* PROBLEM DESCRIPTION: As the answer, set down the lines below from the one containing "Authentic Coach Double Sided Hobo Bag" through the one containing "At Silverstone Primary", exactly and inclusively, and no others.

* RECORDS TO PROCESS:
■ ■ ■ ■ ■ ■ ■

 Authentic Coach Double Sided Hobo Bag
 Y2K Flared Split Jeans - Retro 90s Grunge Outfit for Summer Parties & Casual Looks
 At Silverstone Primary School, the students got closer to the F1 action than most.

■ ■ ■ ■ ■ ■ ■

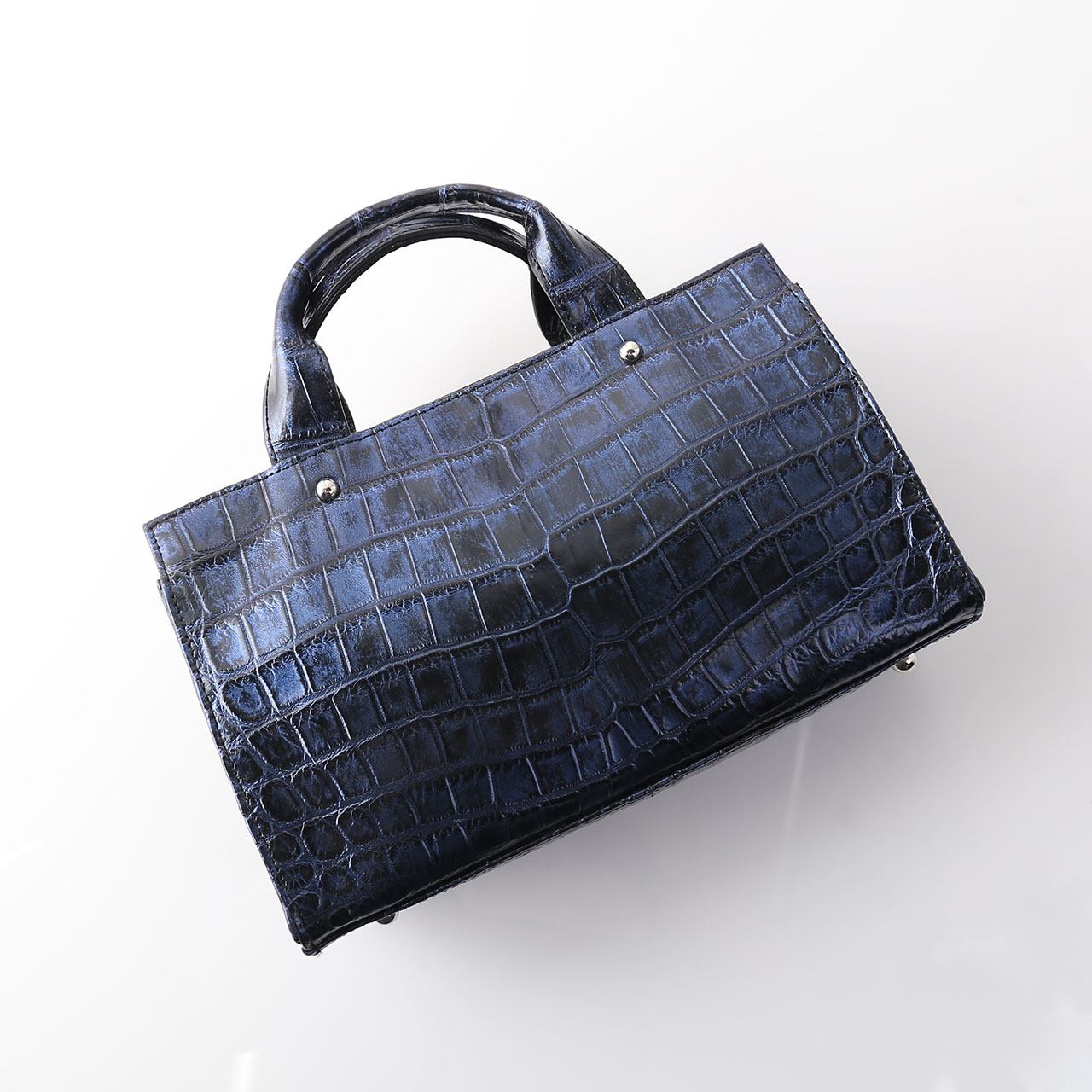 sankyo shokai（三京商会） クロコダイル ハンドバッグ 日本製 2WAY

■ ■ ■ ■ ■ ■ ■

* ANSWER TO THIS PROBLEM:
 Authentic Coach Double Sided Hobo Bag
 Y2K Flared Split Jeans - Retro 90s Grunge Outfit for Summer Parties & Casual Looks
 At Silverstone Primary School, the students got closer to the F1 action than most.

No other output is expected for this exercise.